**Your objective:**
Repeat the following entries exactly, excluding pictures.

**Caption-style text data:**
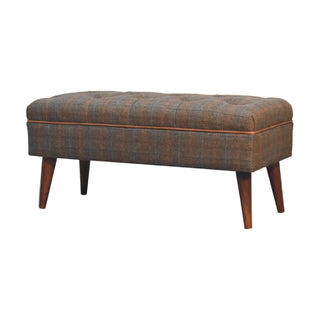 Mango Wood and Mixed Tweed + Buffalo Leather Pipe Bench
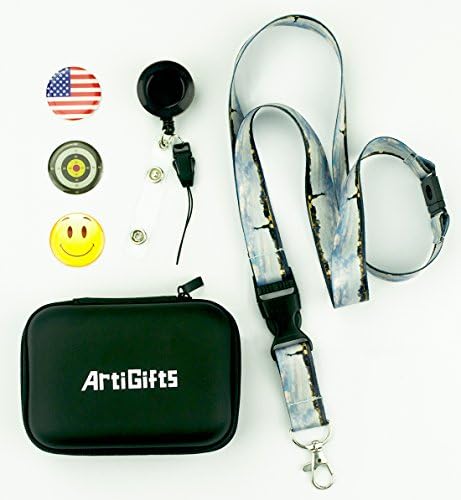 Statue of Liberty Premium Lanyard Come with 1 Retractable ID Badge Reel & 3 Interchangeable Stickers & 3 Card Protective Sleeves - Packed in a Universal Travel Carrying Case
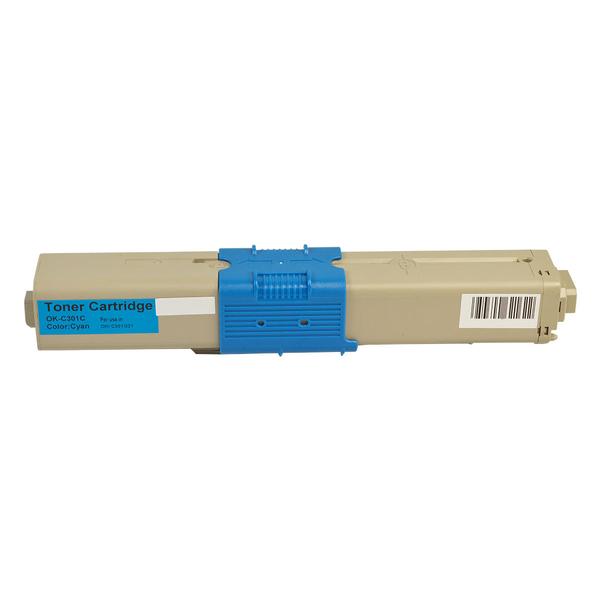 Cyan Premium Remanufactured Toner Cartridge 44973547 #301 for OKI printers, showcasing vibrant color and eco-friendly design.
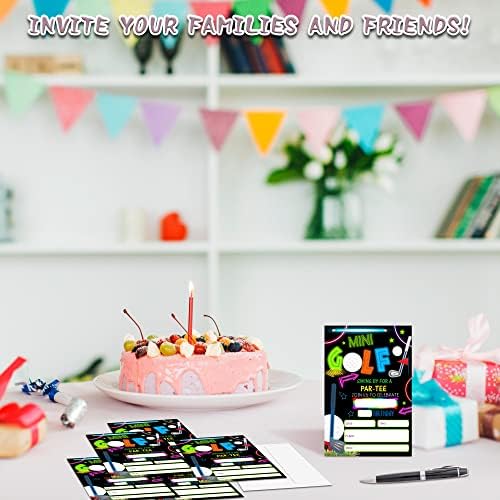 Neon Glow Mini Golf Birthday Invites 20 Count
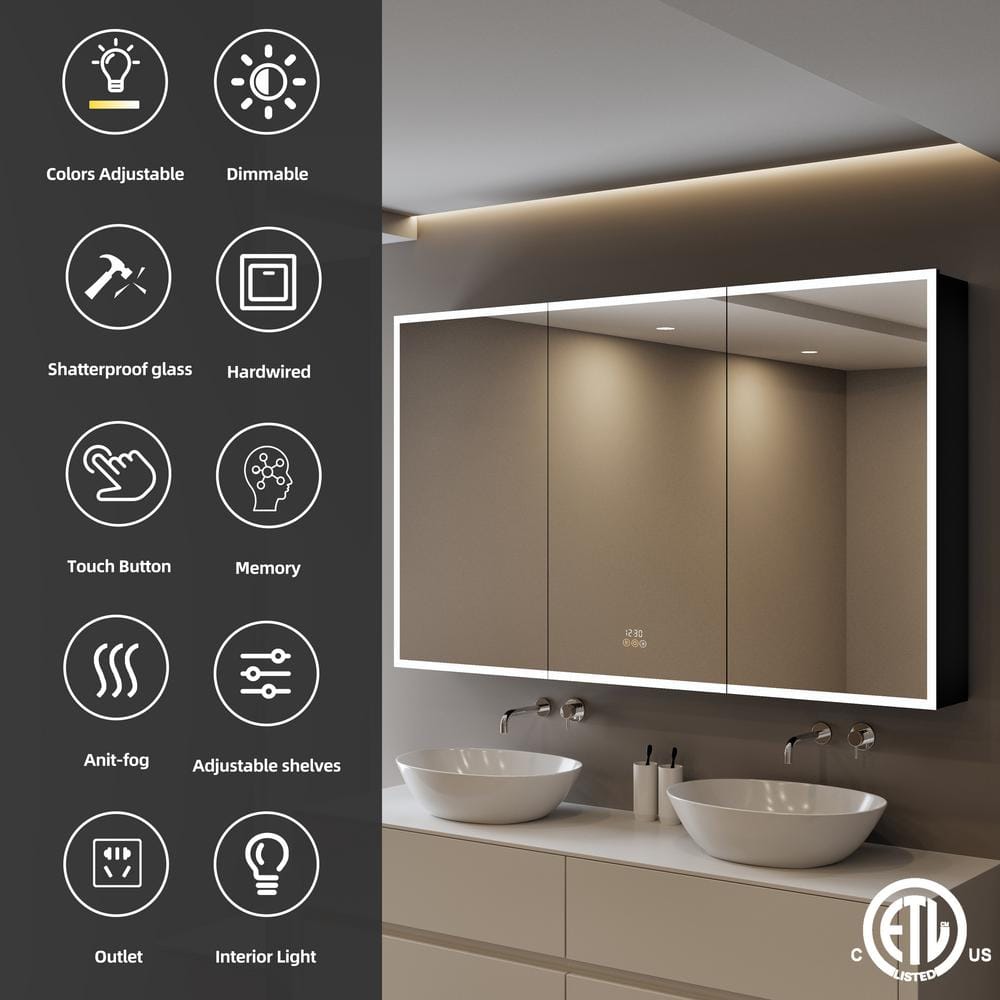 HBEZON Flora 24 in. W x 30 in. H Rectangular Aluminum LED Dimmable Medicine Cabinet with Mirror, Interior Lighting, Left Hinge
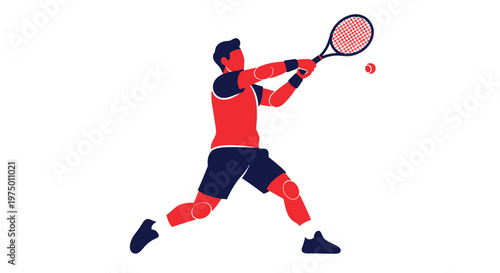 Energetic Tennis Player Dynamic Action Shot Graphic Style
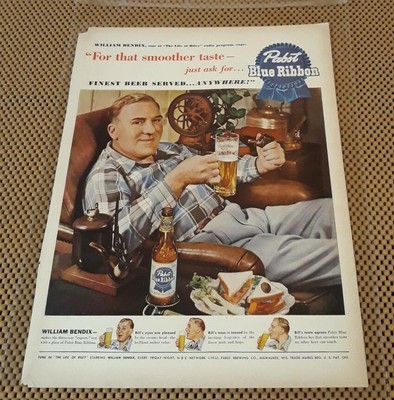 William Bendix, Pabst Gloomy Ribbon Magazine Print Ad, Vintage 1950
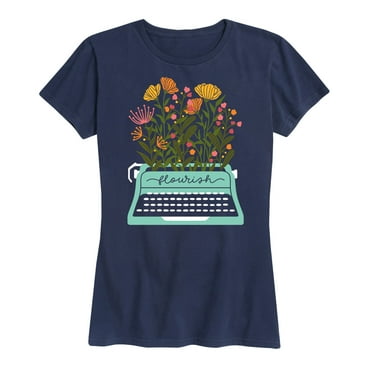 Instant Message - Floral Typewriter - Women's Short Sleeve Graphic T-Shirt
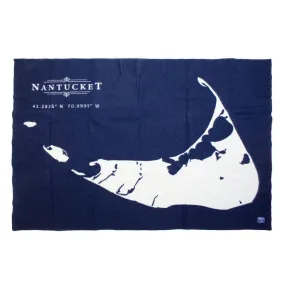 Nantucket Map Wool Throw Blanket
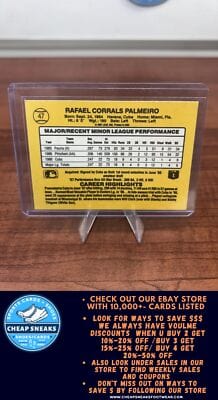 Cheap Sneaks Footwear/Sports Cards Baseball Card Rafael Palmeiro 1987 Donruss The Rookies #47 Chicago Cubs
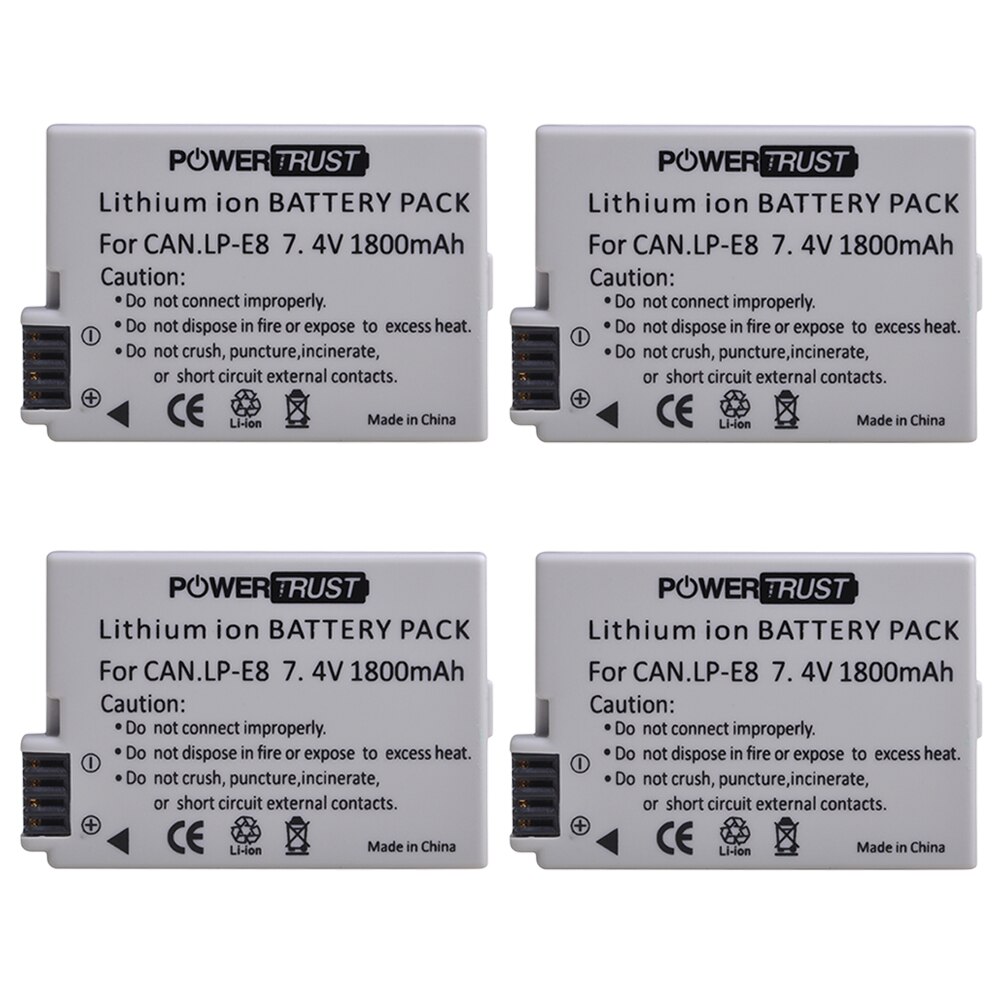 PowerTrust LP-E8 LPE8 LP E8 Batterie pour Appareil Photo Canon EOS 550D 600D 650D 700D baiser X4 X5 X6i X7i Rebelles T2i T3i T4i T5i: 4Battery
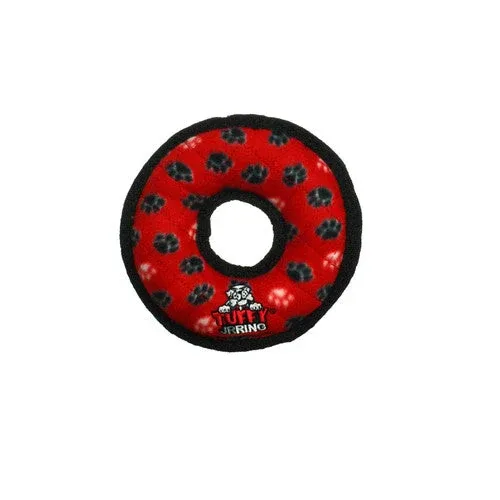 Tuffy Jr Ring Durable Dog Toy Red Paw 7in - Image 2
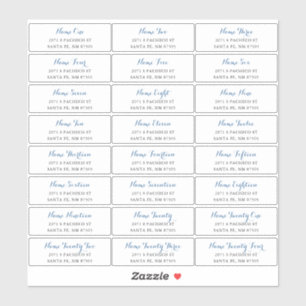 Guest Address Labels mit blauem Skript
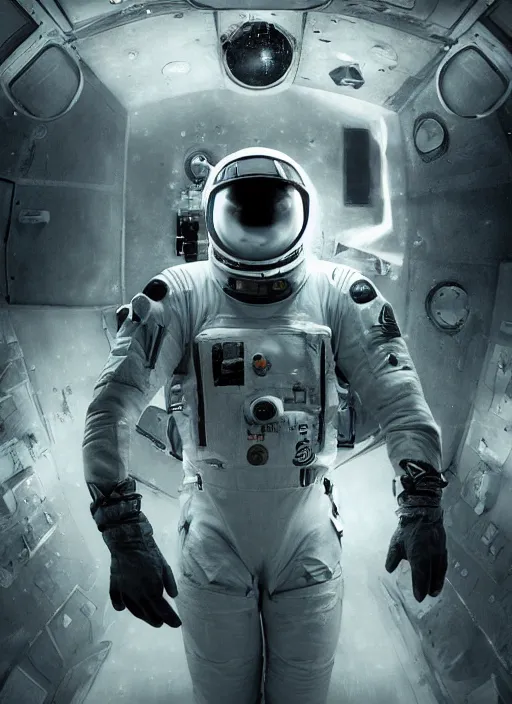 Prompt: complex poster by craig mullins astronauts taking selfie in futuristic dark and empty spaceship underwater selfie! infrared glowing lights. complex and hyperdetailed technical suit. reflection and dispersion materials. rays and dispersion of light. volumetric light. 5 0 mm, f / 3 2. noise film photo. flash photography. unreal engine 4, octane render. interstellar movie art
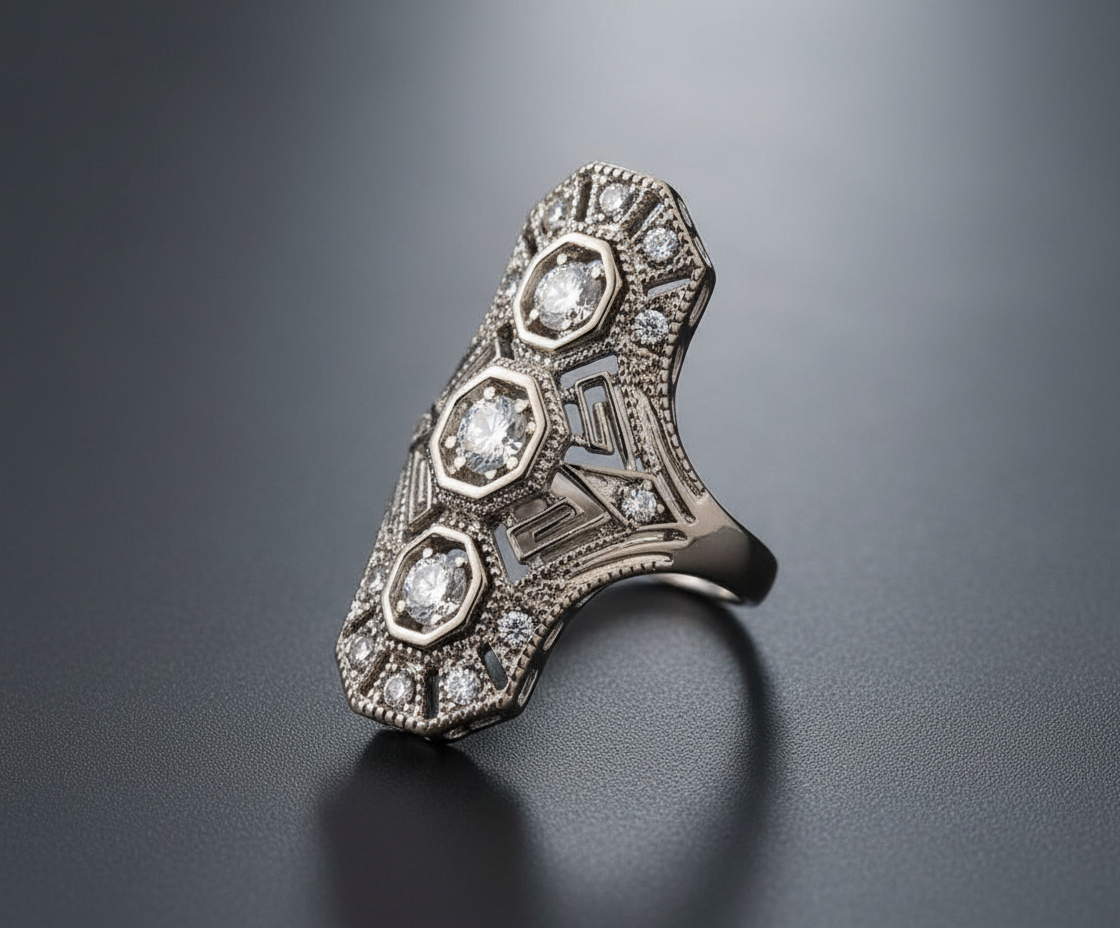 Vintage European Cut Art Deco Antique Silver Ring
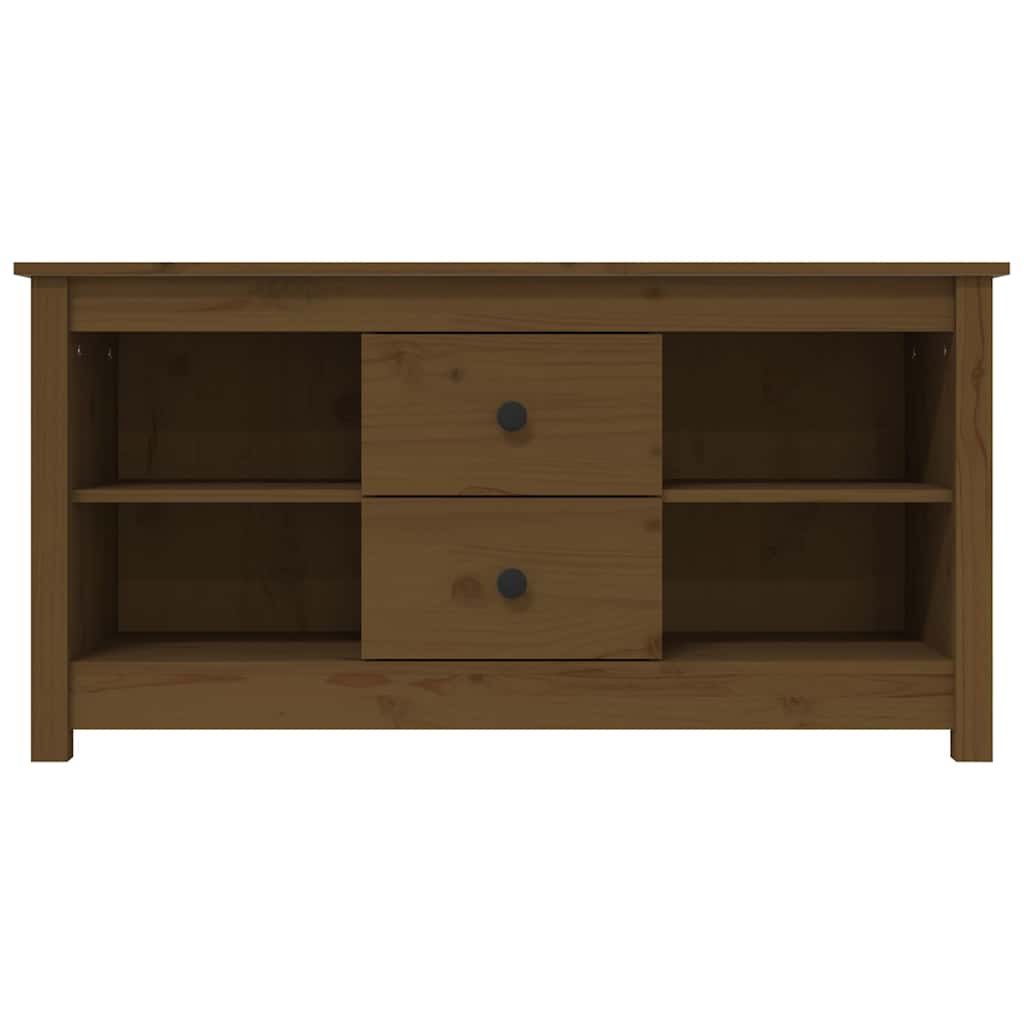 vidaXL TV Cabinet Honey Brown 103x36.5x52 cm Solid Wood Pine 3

**Solved problem:**
 Mango Wood and Mixed Tweed + Buffalo Leather Pipe Bench
 Statue of Liberty Premium Lanyard Come with 1 Retractable ID Badge Reel & 3 Interchangeable Stickers & 3 Card Protective Sleeves - Packed in a Universal Travel Carrying Case
 Cyan Premium Remanufactured Toner Cartridge 44973547 #301 for OKI printers, showcasing vibrant color and eco-friendly design.
 Neon Glow Mini Golf Birthday Invites 20 Count
 HBEZON Flora 24 in. W x 30 in. H Rectangular Aluminum LED Dimmable Medicine Cabinet with Mirror, Interior Lighting, Left Hinge
 Energetic Tennis Player Dynamic Action Shot Graphic Style
 William Bendix, Pabst Gloomy Ribbon Magazine Print Ad, Vintage 1950
 Instant Message - Floral Typewriter - Women's Short Sleeve Graphic T-Shirt
 Nantucket Map Wool Throw Blanket
 Cheap Sneaks Footwear/Sports Cards Baseball Card Rafael Palmeiro 1987 Donruss The Rookies #47 Chicago Cubs
 PowerTrust LP-E8 LPE8 LP E8 Batterie pour Appareil Photo Canon EOS 550D 600D 650D 700D baiser X4 X5 X6i X7i Rebelles T2i T3i T4i T5i: 4Battery
 Tuffy Jr Ring Durable Dog Toy Red Paw 7in - Image 2
 Guest Address Labels mit blauem Skript
 Prompt: complex poster by craig mullins astronauts taking selfie in futuristic dark and empty spaceship underwater selfie! infrared glowing lights. complex and hyperdetailed technical suit. reflection and dispersion materials. rays and dispersion of light. volumetric light. 5 0 mm, f / 3 2. noise film photo. flash photography. unreal engine 4, octane render. interstellar movie art
 Vintage European Cut Art Deco Antique Silver Ring
 vidaXL TV Cabinet Honey Brown 103x36.5x52 cm Solid Wood Pine 3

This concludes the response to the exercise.